# [Directions for this task]
The answer must consist only of the lines in the records below from the line with "Image of Full" to the line with "the north carolina", both included, copied word for word with every picture left out.

# [Material supplied]
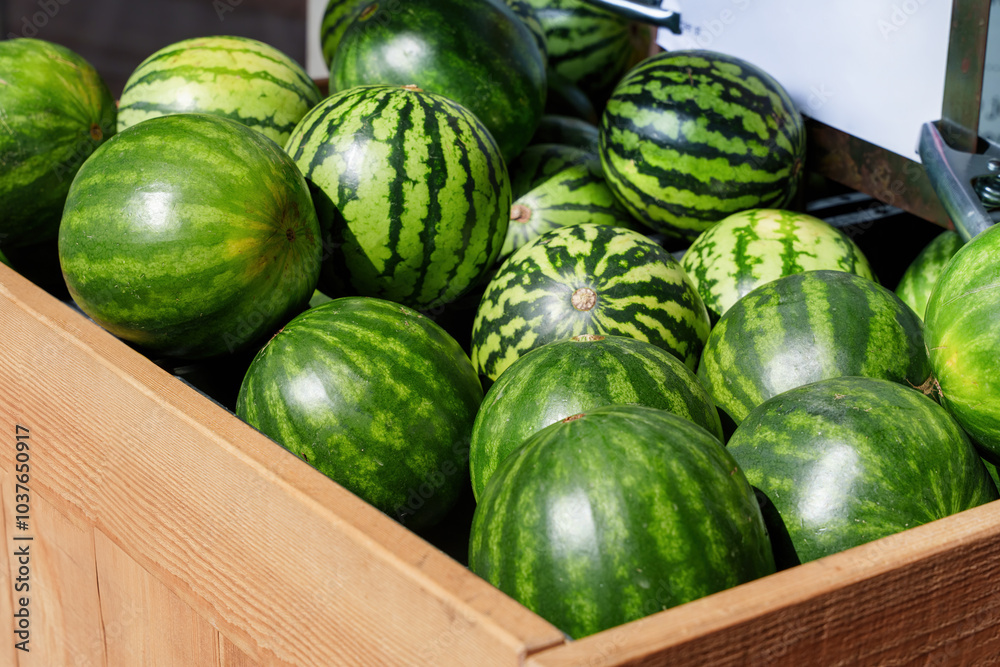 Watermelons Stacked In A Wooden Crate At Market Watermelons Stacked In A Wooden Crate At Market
---
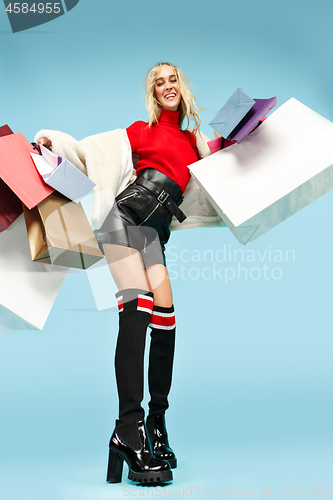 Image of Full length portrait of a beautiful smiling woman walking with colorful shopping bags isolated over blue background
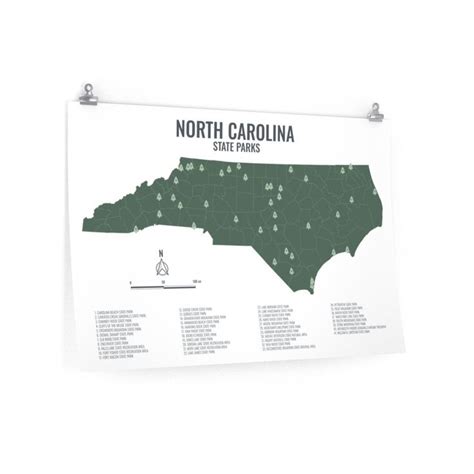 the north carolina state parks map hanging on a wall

# [Output of the exercise]
 Image of Full length portrait of a beautiful smiling woman walking with colorful shopping bags isolated over blue background
 the north carolina state parks map hanging on a wall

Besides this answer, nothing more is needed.